■ **YOUR OBJECTIVE**: Without adding anything, give again the lines from the one holding "Used Ford Puma" through the final line of the records, exactly, with both ends included and pictures dropped.

*** Block opens ***

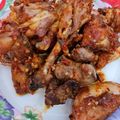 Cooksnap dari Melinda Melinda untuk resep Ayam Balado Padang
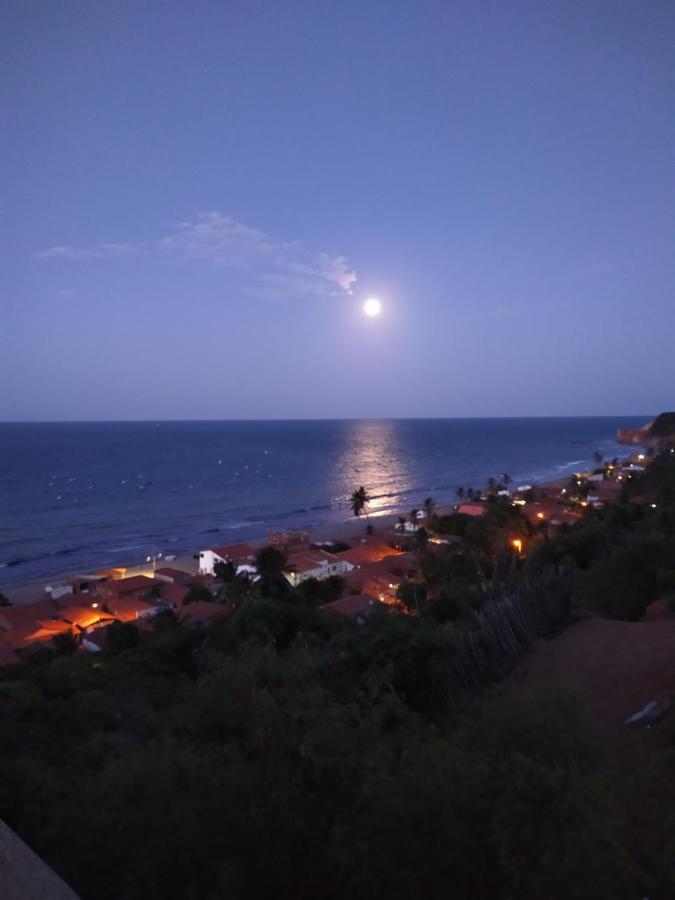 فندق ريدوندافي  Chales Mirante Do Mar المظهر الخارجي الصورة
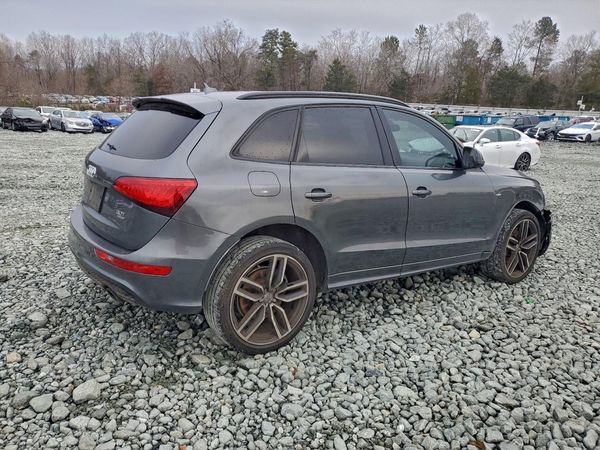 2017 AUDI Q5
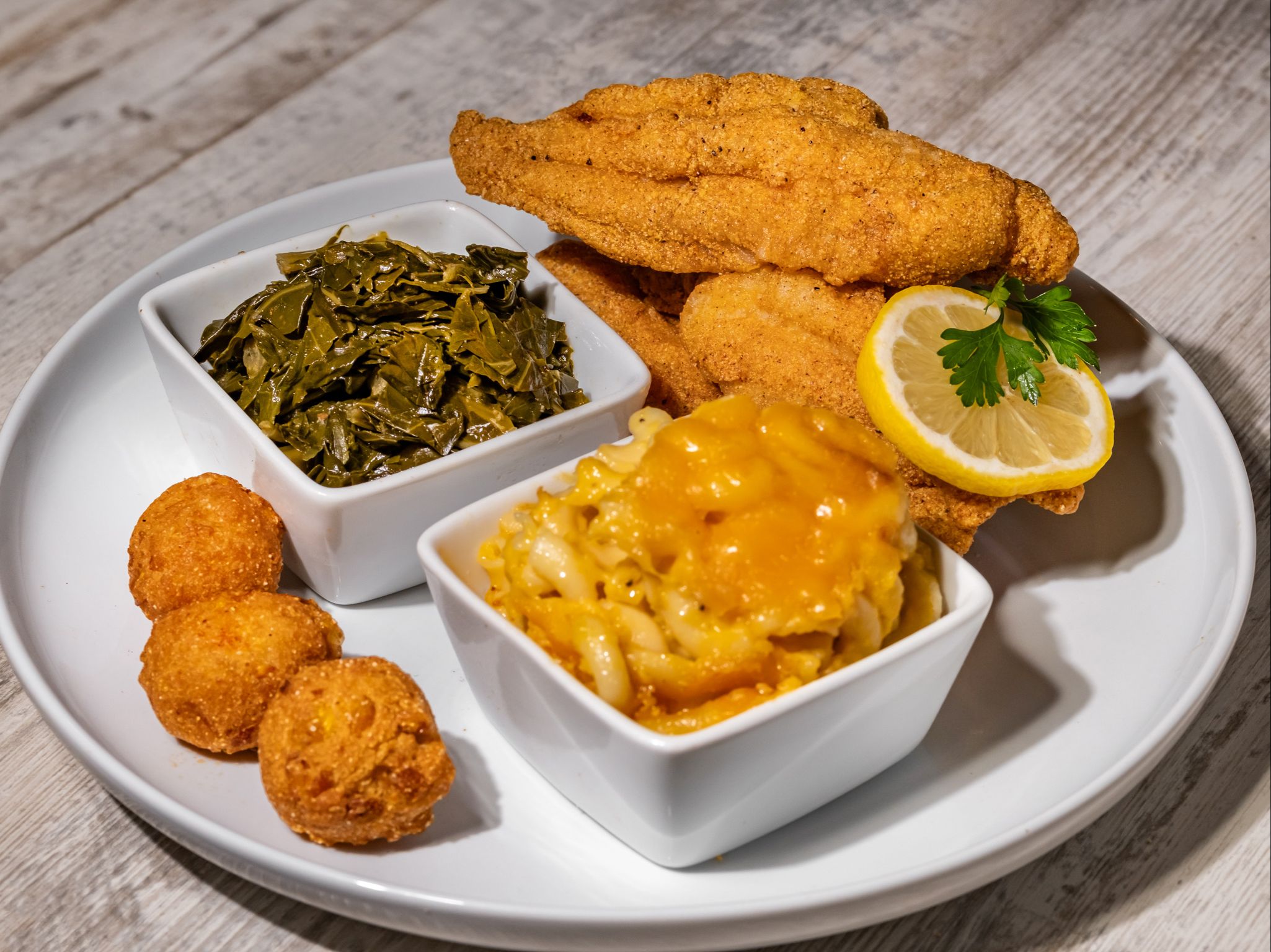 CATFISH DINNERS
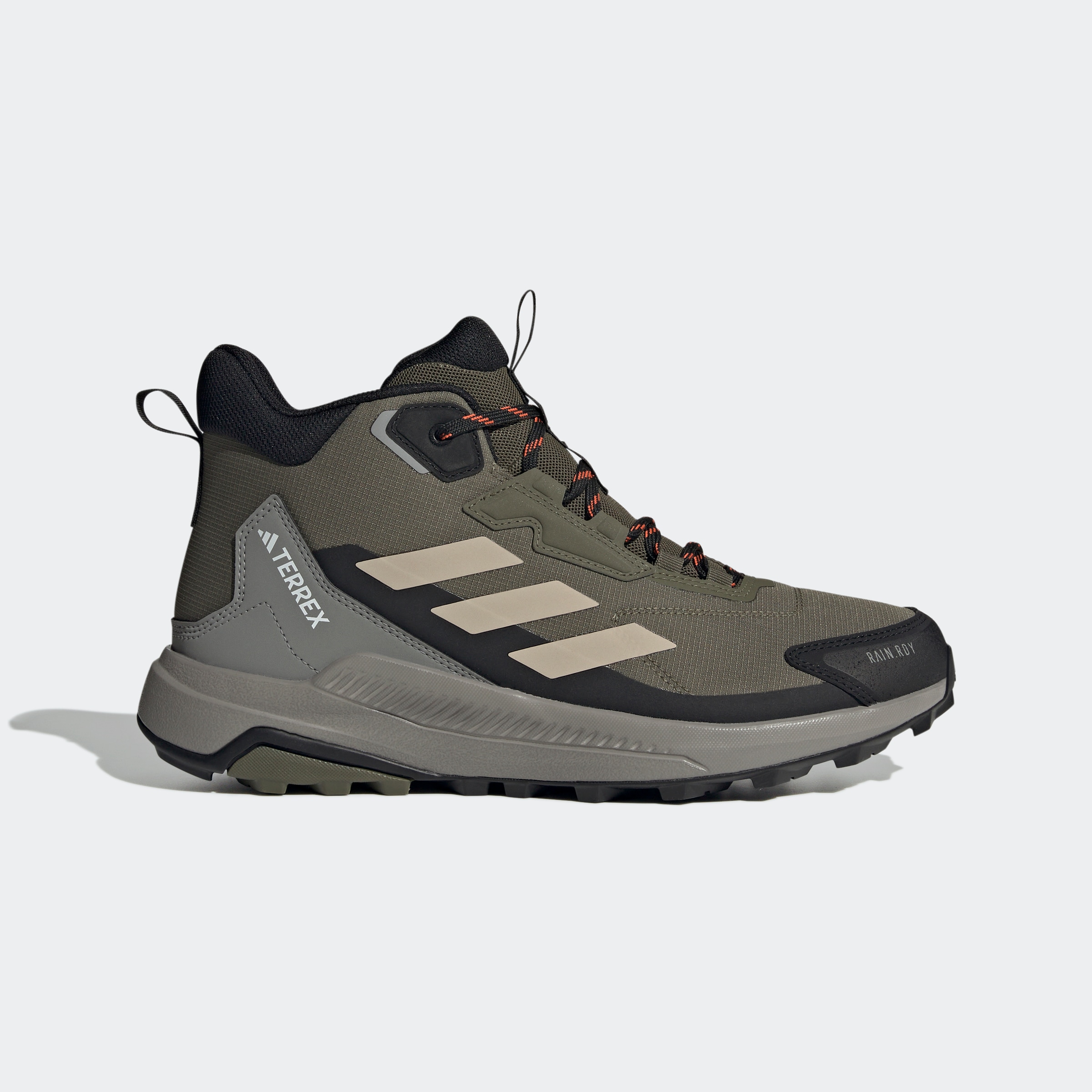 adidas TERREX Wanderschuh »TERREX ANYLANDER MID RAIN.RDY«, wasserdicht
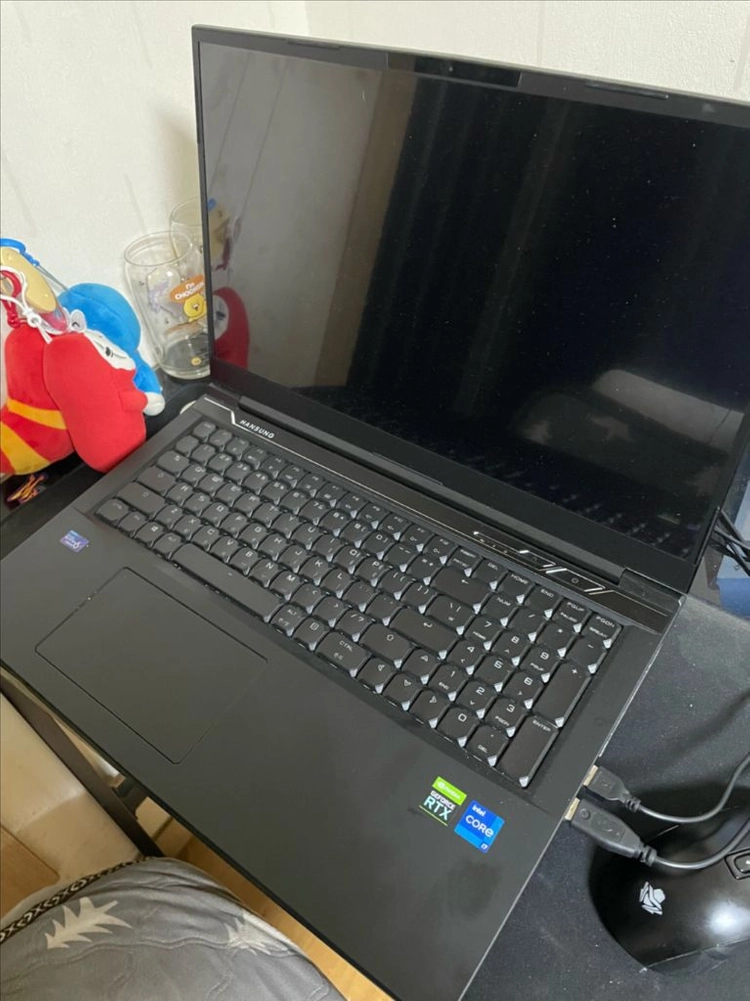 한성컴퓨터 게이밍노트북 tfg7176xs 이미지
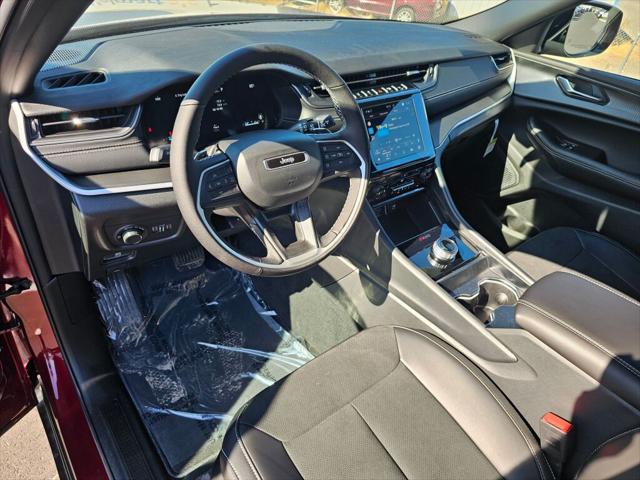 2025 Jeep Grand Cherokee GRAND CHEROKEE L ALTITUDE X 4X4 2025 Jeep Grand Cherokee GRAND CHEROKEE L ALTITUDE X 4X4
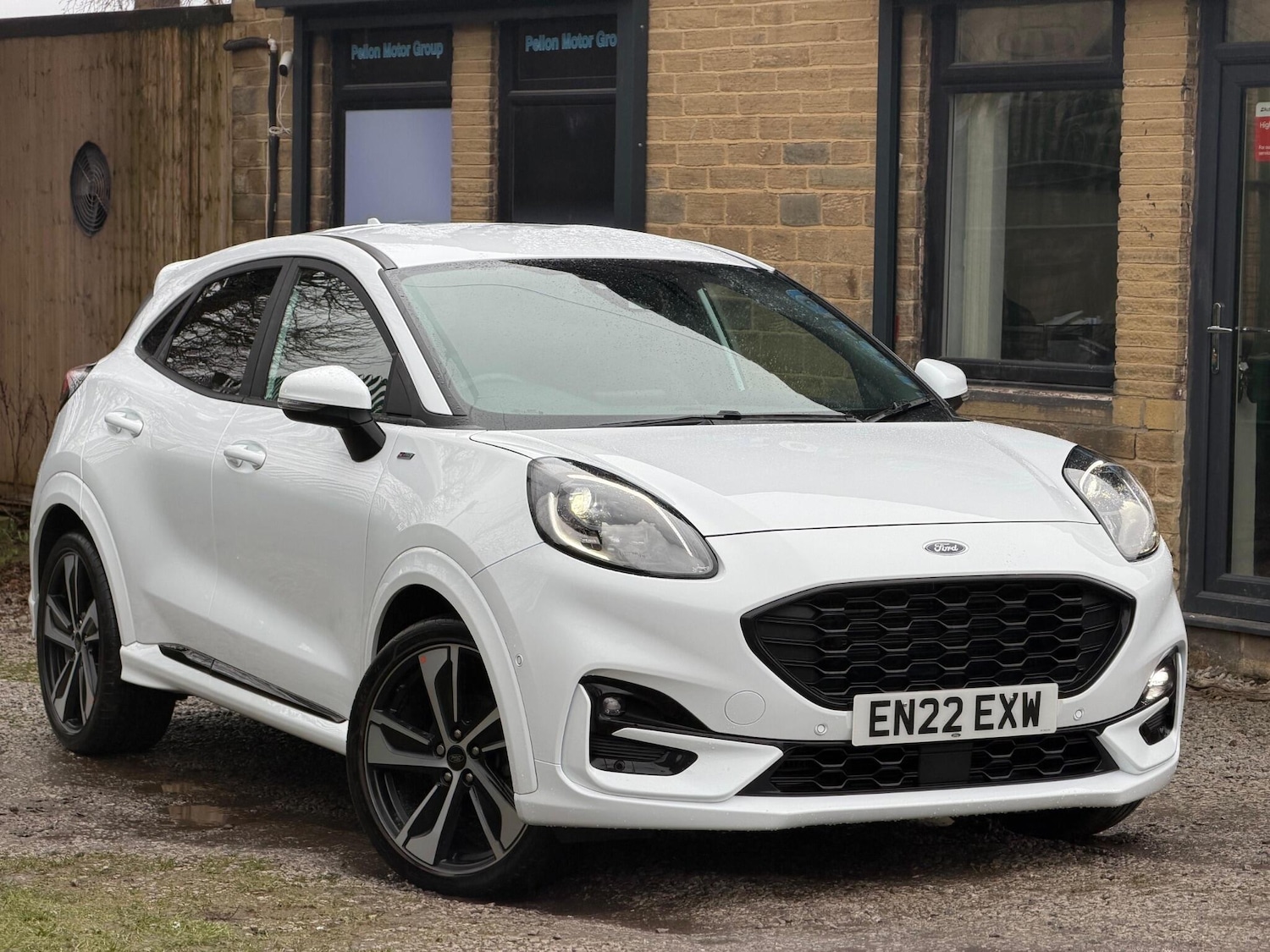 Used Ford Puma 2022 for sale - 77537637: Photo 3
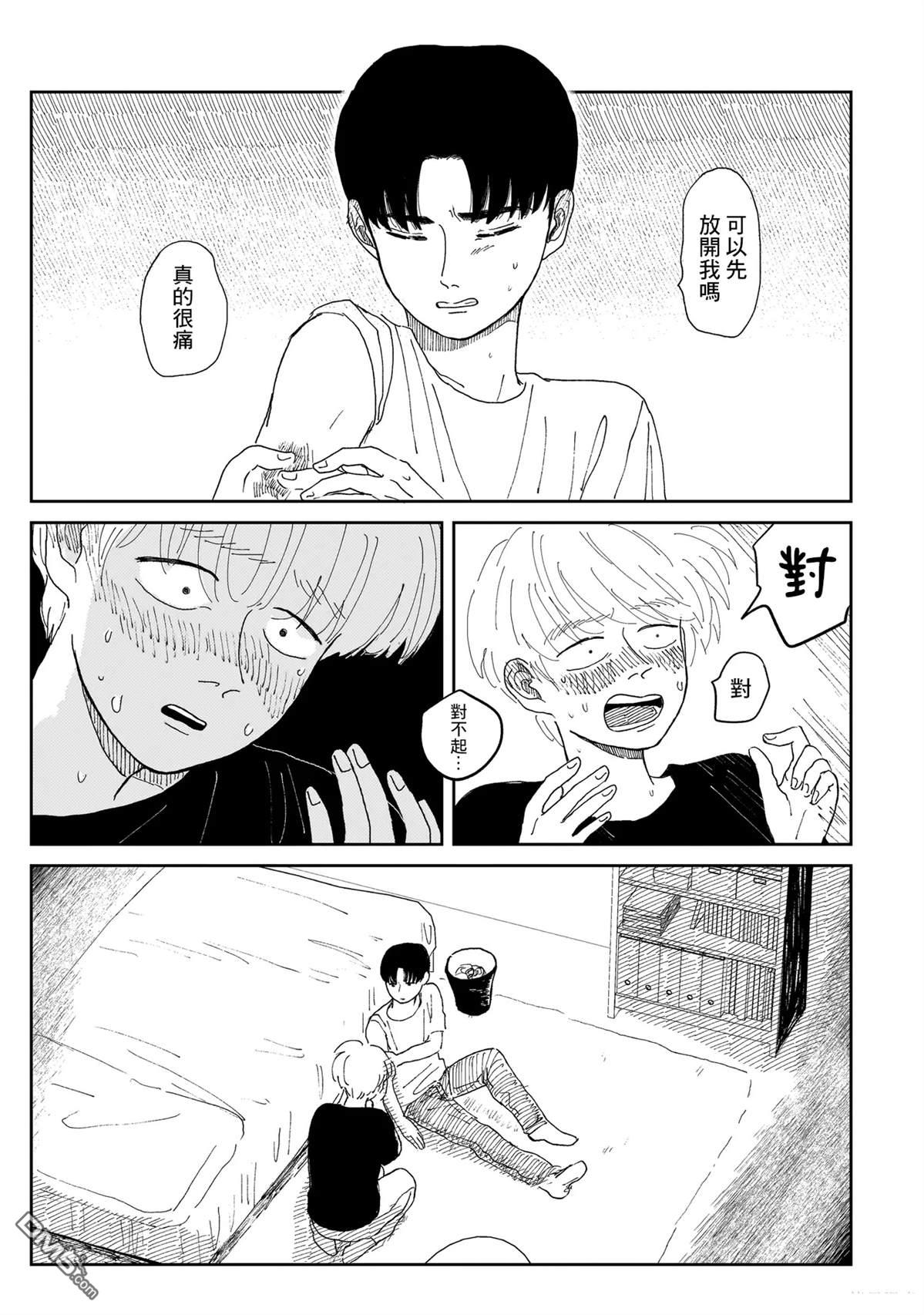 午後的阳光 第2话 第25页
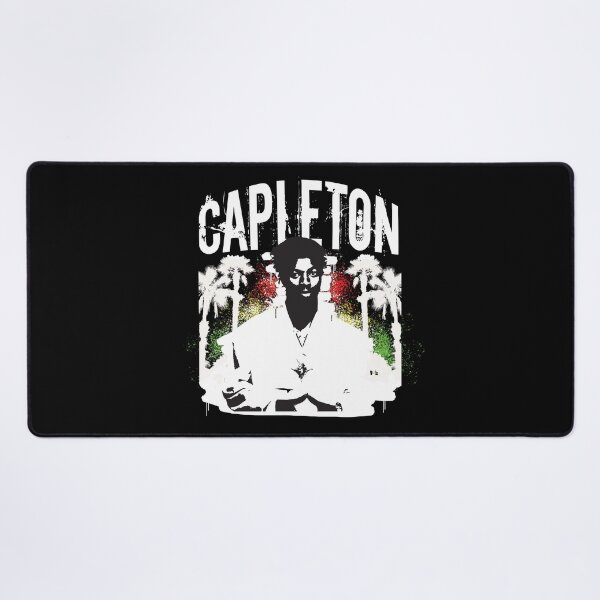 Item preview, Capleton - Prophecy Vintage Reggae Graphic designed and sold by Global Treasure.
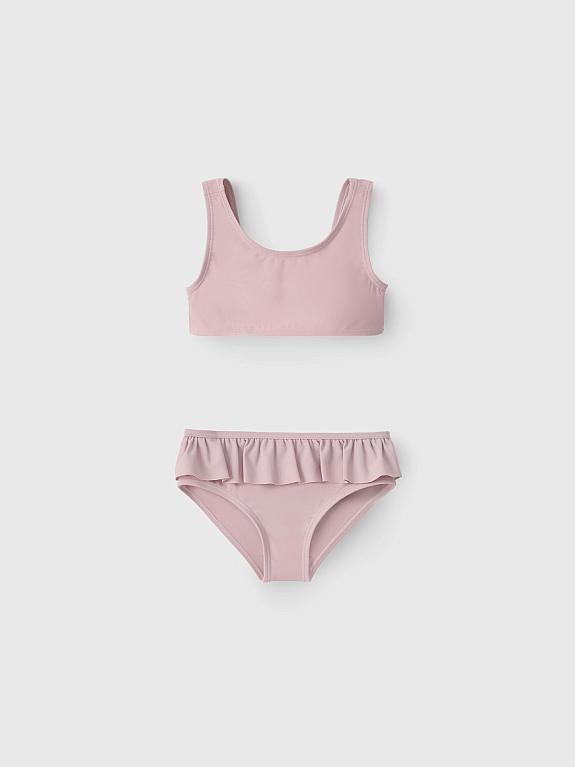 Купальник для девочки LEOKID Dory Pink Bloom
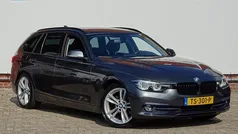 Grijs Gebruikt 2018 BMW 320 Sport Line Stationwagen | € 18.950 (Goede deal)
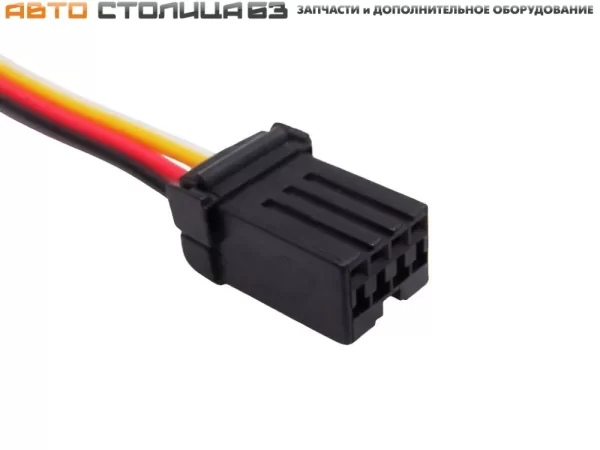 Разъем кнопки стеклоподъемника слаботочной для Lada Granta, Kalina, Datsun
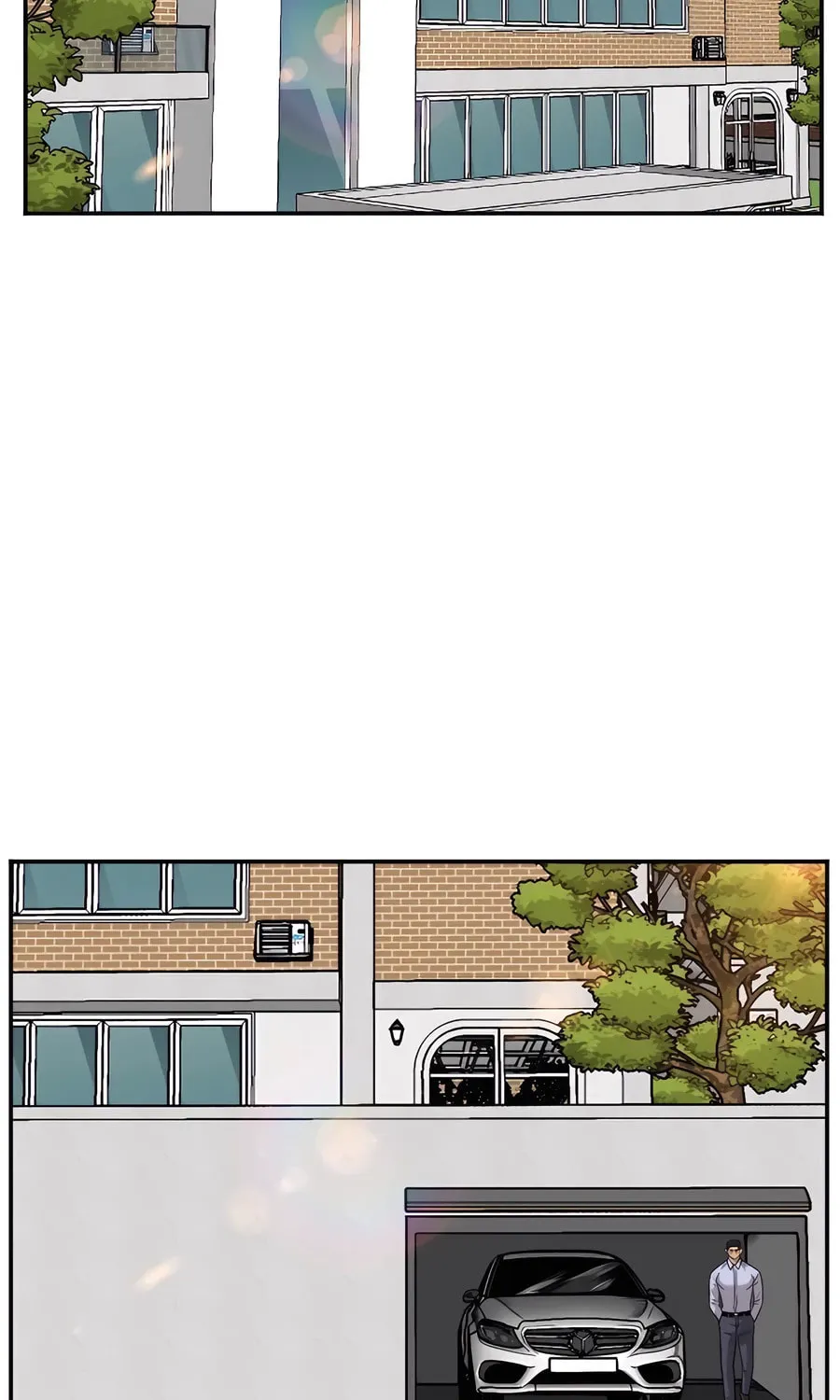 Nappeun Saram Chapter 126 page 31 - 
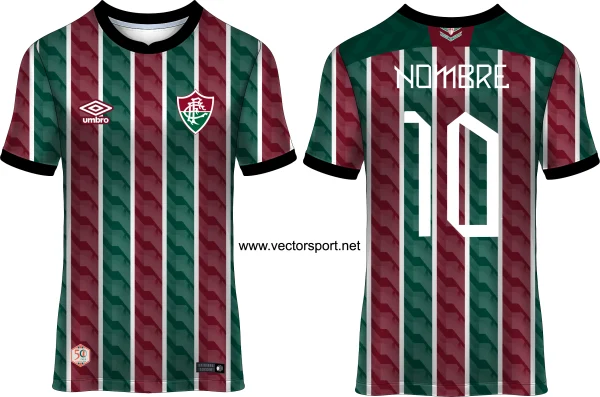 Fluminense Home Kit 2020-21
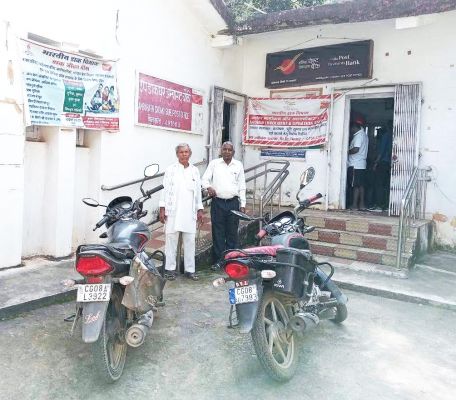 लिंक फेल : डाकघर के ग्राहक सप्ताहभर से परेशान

*** Block closes ***

■ **OUTPUT OF THE TASK**:
 Used Ford Puma 2022 for sale - 77537637: Photo 3
 午後的阳光 第2话 第25页
 Item preview, Capleton - Prophecy Vintage Reggae Graphic designed and sold by Global Treasure.
 Купальник для девочки LEOKID Dory Pink Bloom
 Grijs Gebruikt 2018 BMW 320 Sport Line Stationwagen | € 18.950 (Goede deal)
 Разъем кнопки стеклоподъемника слаботочной для Lada Granta, Kalina, Datsun
 Nappeun Saram Chapter 126 page 31 - 
 Fluminense Home Kit 2020-21
 लिंक फेल : डाकघर के ग्राहक सप्ताहभर से परेशान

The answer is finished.